# About this exercise
With the images removed, return every line below exactly as it reads.

# Data extract
-- Opening Marker --

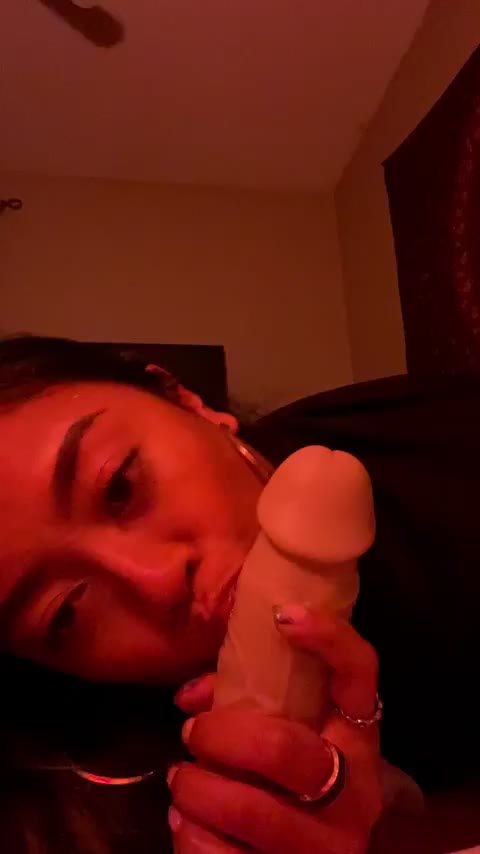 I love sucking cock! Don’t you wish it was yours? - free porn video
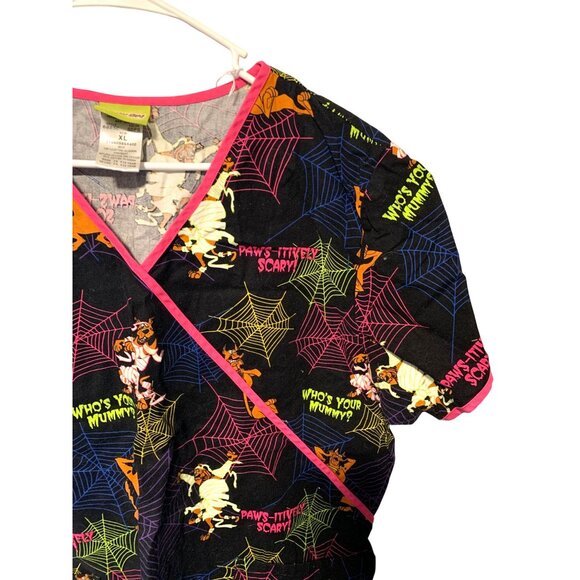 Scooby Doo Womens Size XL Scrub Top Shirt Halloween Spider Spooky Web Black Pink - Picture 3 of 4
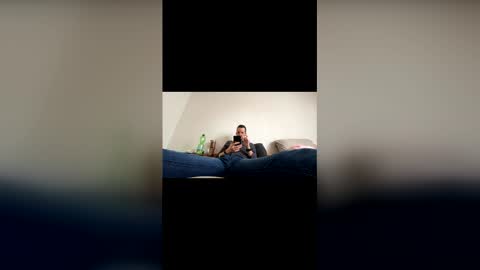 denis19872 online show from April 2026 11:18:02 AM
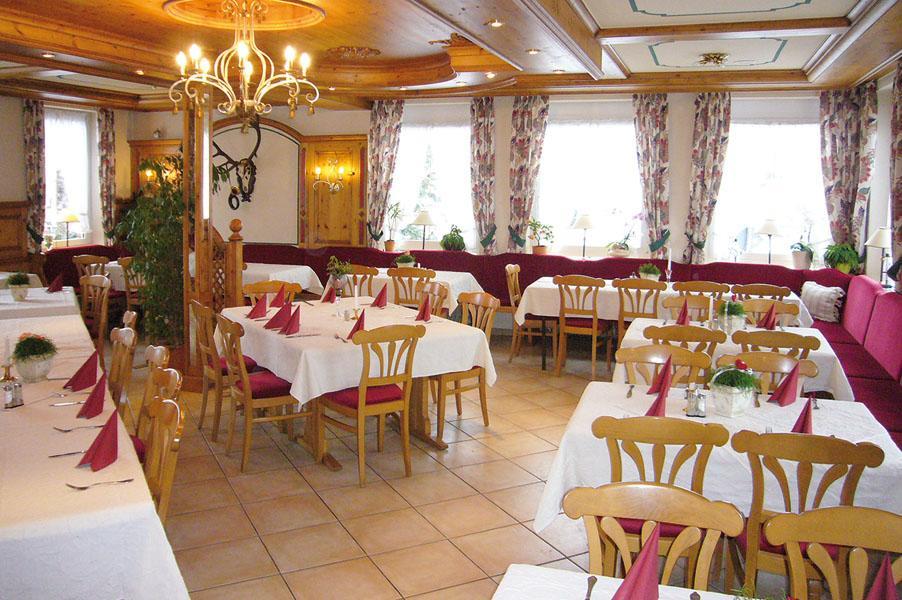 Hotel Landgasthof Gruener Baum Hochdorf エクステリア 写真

-- Closing Marker --

# Written response
 I love sucking cock! Don’t you wish it was yours? - free porn video
 Scooby Doo Womens Size XL Scrub Top Shirt Halloween Spider Spooky Web Black Pink - Picture 3 of 4
 denis19872 online show from April 2026 11:18:02 AM
 Hotel Landgasthof Gruener Baum Hochdorf エクステリア 写真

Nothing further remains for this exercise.